A la noche todavía quedaban algunas motos haciendo cortes para recordarlo a Tello, los restos de los pallets que habían quemado y los vecinos y amigos que se acercaban. La tensión parecía haber pasado cuando algo la volvió a encender y arrancaron las balas de goma. Hubo que correr y esconderse en un local de fundas de celulares. “Por favor no salgan, entren a sus casas”, pedían los policías que avanzaban marchando y despejando la calle 3.
Un despliegue cuasi cinematográfico que no se vió el día anterior, en la playa, según reclamaban los vecinos. “Tirás balas ahora que se murió una criatura, ¿por qué no tirabas balas anoche? ¿Dónde estaban a la noche? No había ningún policía”, gritaba uno de ellos en la puerta de la comisaría. “La playa es tierra de nadie desde hace años; ahí pasa cualquier cosa”, dijo otro.
Fue ahí, en la playa, donde empezó la pelea de Tello con al menos 13 hombres (algunos dicen que eran 30) de entre 16 y 57 años, incluido el padre de quien para el fiscal sería el autor material. Volaron botellazos, cuentan que hubo más heridos. “Pasa siempre”, coincidían los vecinos. Tomás después corrió unas seis cuadras hasta llegar a la puerta de la casa amarilla donde lo mataron. Adentro estaba Mónica Ayala (65). Era la tercera vez que alquilaban esa casa para pasar las vacaciones. Se despertó por los ruidos y pensó que era su nieto, que también había salido. “Creo que se debe haber querido esconder, o pedir ayuda, pero ni llegó. Yo soy más chico que él, que el chico que mataron. No tengo ganas de salir nunca más”, dijo su nieto, Joaquín, de 17 años. La mancha de sangre todavía estaba en la pared.
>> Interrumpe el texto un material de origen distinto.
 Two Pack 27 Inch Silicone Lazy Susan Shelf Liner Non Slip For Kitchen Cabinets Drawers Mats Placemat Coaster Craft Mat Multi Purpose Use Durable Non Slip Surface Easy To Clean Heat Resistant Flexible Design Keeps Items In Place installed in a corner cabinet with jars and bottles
“Lo que yo no entiendo es cómo no había policía. Esto pasa en Gesell, acá. El pibe corrió hasta donde pudo. Seis cuadras corrió, no dio más y no había un policía. Peleó con los dos hermanos y el padre los alentaba. Es mucho lo que vivimos”, expuso José, su abuelo, al salir del cementerio. Hacía un día que no comía, solo tomaba mate.
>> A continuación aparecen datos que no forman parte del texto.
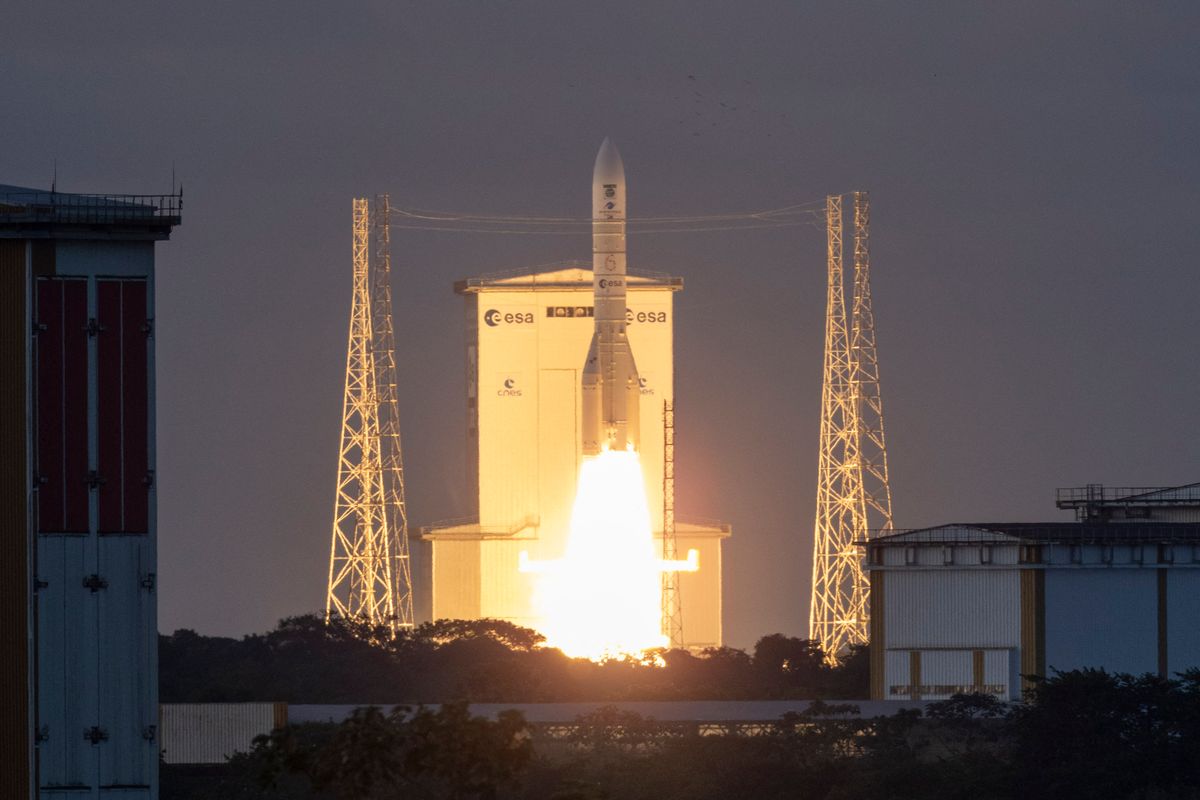 This photograph shows the European Space Agency (ESA) Ariane 6 rocket carrying the Sentinel 1-D earth observation satellite by European Space Agency (ESA) blasts off at the Guiana Space Centre in Kourou, on the French overseas department of Guiana, on November 4, 2025. (Photo by Ronan LIETAR / AFP) (Photo by RONAN LIETAR/AFP via Getty Images)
Los funcionarios se apuran para explicar que la policía llegó rápido al lugar. El intendente irá a ver a la familia, el equipo de psicólogos municipal también le ofrecerá ayuda. Pero ninguno evitó su muerte ni respondió por qué no había policías, una vez más, para frenar la tragedia.
Así como se acumulaban vecinos que se querían despedir de Tomás “porque acá nos conocemos todos”, se iban sumando los medios. El primer día apenas algunos enviados, y cronistas locales. El segundo, llegaron más cámaras de televisión.
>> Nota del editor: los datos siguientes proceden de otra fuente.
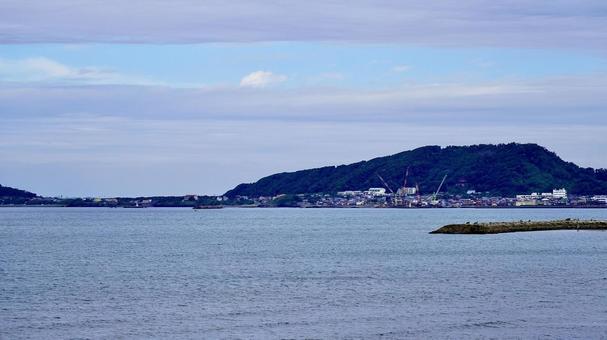 千葉県館山市北条海岸から見た風景 千葉県館山市北条海岸から見た風景 千葉,館山,北条の写真素材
Para las 10 de la mañana del 2 de enero, Samanta Ferreira, su mamá, estaba agotada. Está, además, a seis días de parir a Morena; tiene programada la cesárea para el 8 de enero. Es mamá de Milagros, una beba de dos años, y de Camila, de 14, que vivía con Tomás en la casa de sus abuelos. Pero está ahí, sentada en la vidriera de la cerrajería de su pareja, después en el hotel de enfrente, dando entrevistas desde las siete de la mañana, mientras se acercan conocidos a abrazarla. “Quiero justicia, nada más que eso”, repite una y otra vez. Cuenta que su hijo “era un chico muy bueno, trabajador”. Sabe, al mismo tiempo, que estas primeras horas son importantes para que el caso impacte en los medios. Así se lo dijeron sus abogados. Aunque circuló el nombre de Fernando Burlando, quien se habría comunicado con la familia, fue finalmente Miguel Angel Pierri quien se quedó con el caso. Agradece a los periodistas y después de una de las entrevistas se excusa: “Quiero ir a darle de comer a la gorda”. La vida sigue en medio de la tragedia y el dolor.